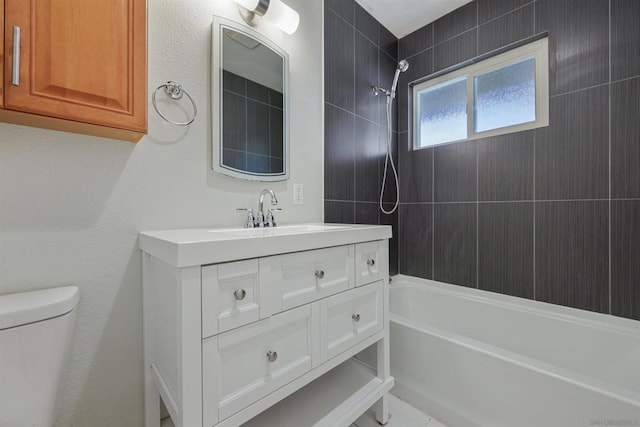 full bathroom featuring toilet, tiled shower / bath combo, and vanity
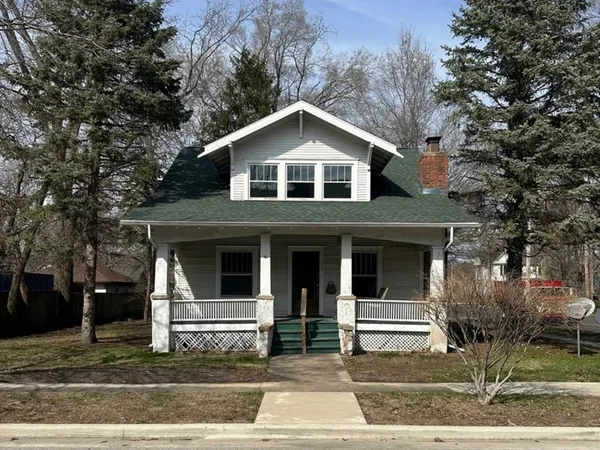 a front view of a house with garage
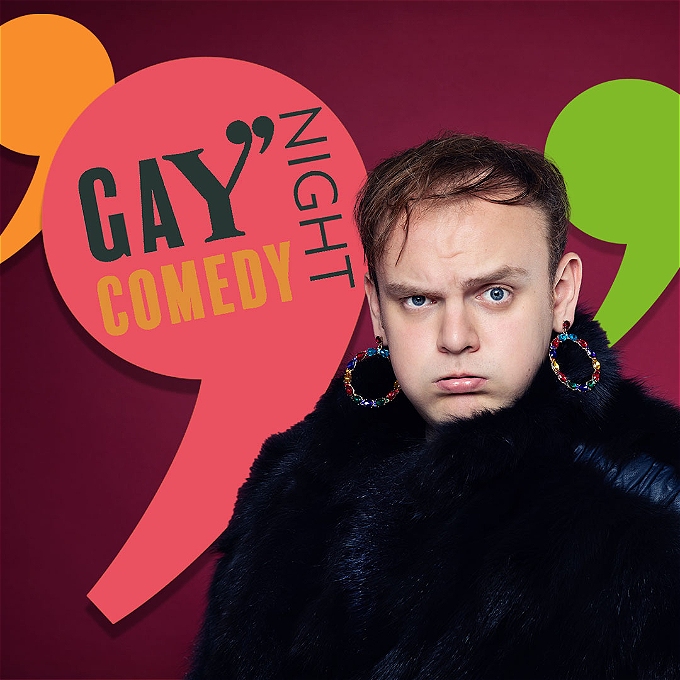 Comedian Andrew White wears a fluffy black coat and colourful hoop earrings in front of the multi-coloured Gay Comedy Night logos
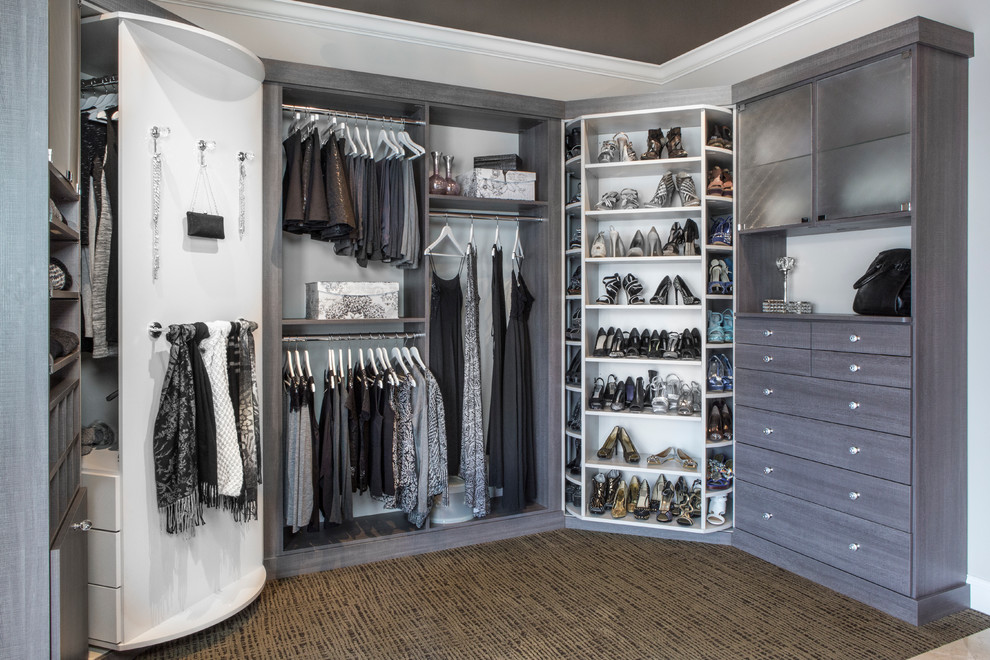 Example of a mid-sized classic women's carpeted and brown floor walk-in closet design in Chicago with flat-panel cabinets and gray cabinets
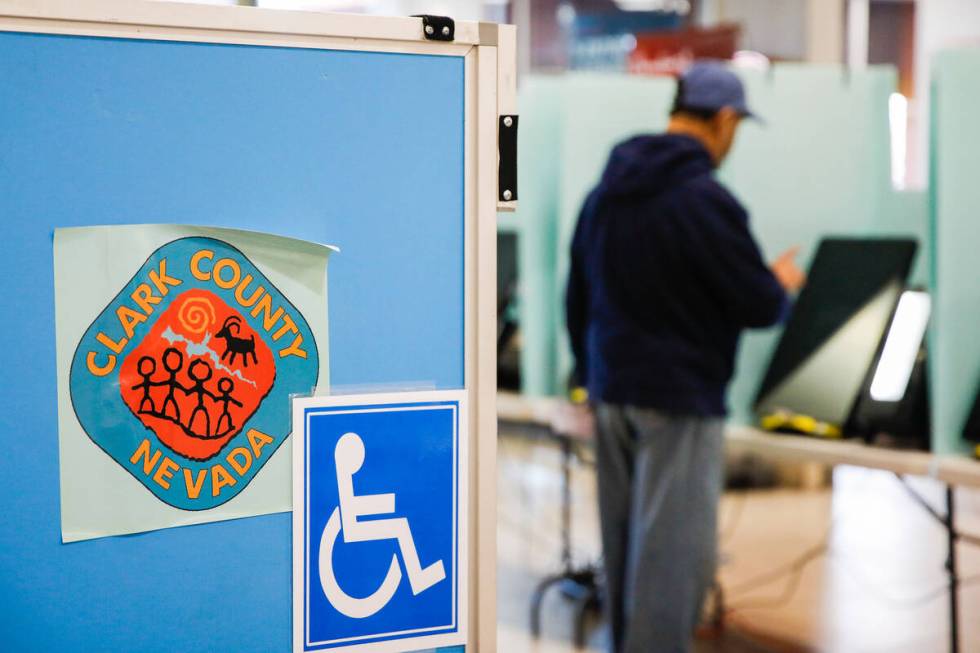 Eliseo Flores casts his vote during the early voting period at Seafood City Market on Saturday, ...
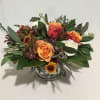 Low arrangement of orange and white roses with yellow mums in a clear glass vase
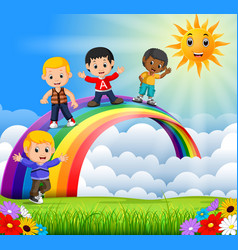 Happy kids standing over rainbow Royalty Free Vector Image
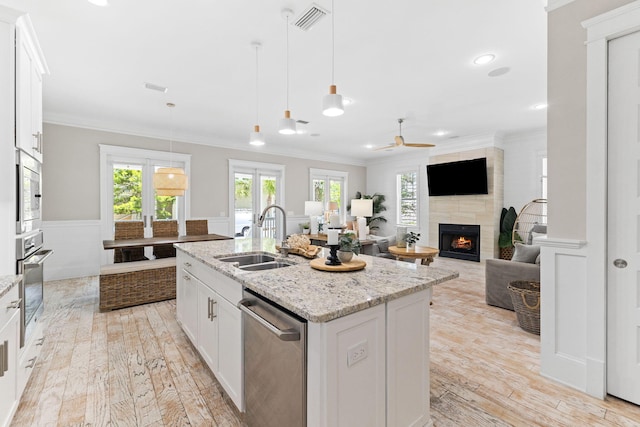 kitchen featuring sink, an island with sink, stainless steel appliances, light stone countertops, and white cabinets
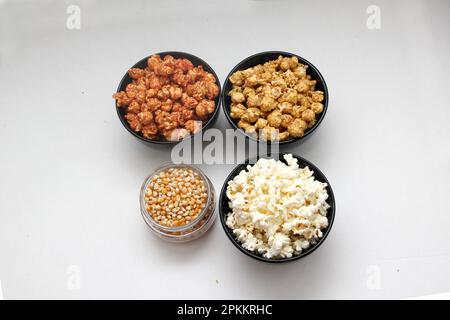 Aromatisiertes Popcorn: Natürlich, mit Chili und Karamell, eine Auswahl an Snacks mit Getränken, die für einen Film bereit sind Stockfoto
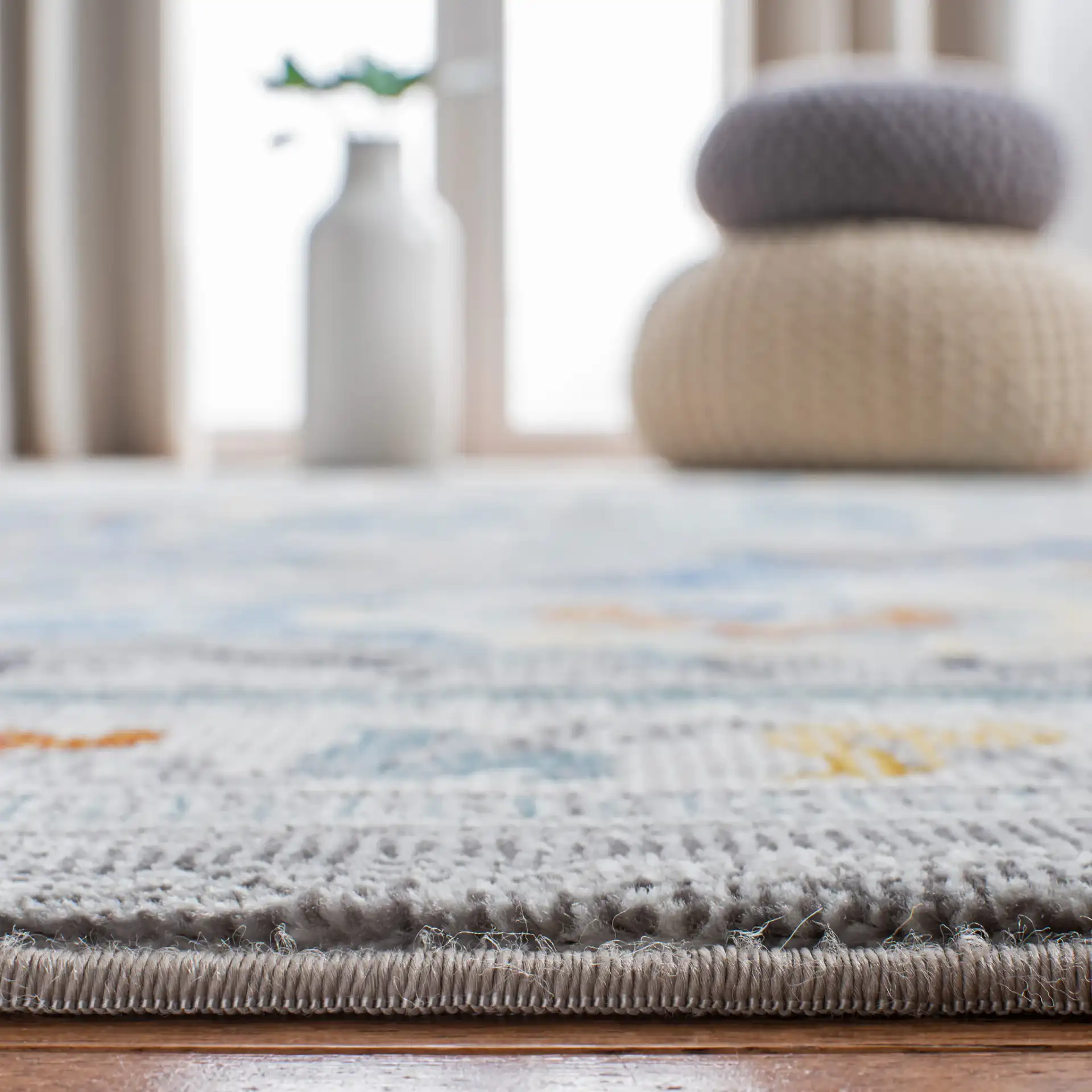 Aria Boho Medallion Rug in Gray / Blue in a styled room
════
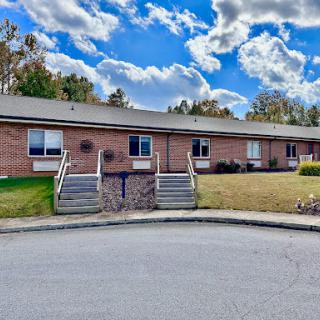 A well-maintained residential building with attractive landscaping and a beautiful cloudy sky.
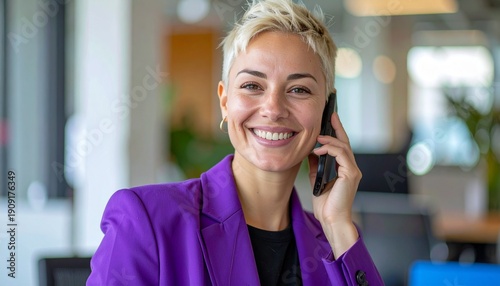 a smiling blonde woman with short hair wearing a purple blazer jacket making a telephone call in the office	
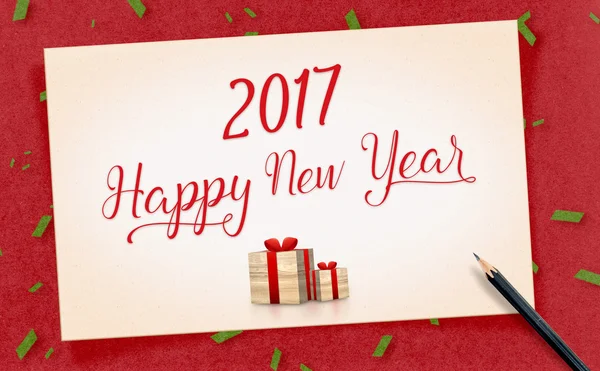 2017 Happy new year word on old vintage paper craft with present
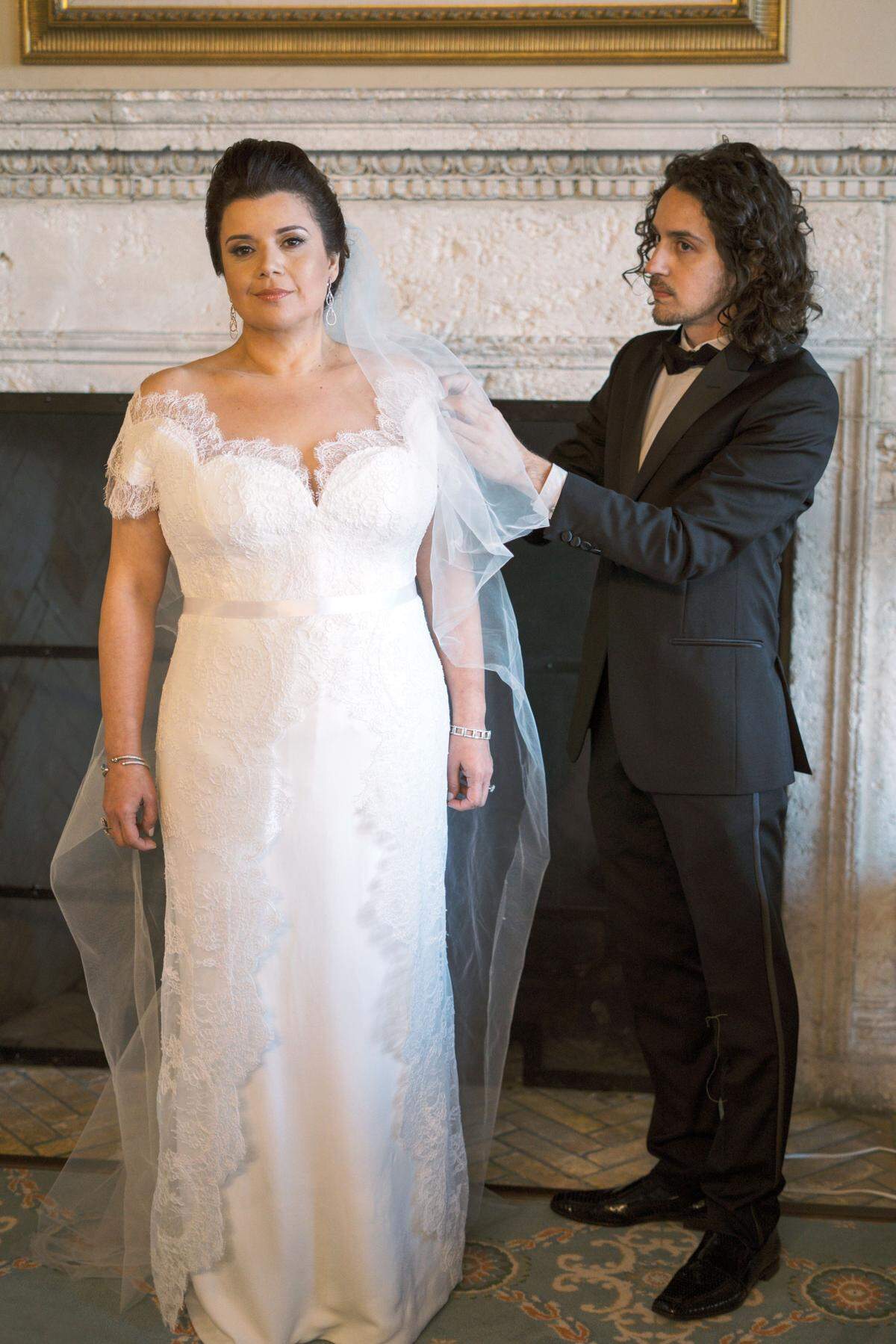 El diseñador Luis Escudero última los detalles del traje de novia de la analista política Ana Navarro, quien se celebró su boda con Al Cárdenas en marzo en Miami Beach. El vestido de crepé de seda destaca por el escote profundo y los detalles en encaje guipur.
════
● **Try it**:
Leave out every picture, and copy exactly the lines above starting at the one holding "A well-maintained residential" and ending at the one holding "El diseñador Luis", no more and no less.

● **Answer below**:
 A well-maintained residential building with attractive landscaping and a beautiful cloudy sky.
 a smiling blonde woman with short hair wearing a purple blazer jacket making a telephone call in the office	
 2017 Happy new year word on old vintage paper craft with present
 El diseñador Luis Escudero última los detalles del traje de novia de la analista política Ana Navarro, quien se celebró su boda con Al Cárdenas en marzo en Miami Beach. El vestido de crepé de seda destaca por el escote profundo y los detalles en encaje guipur.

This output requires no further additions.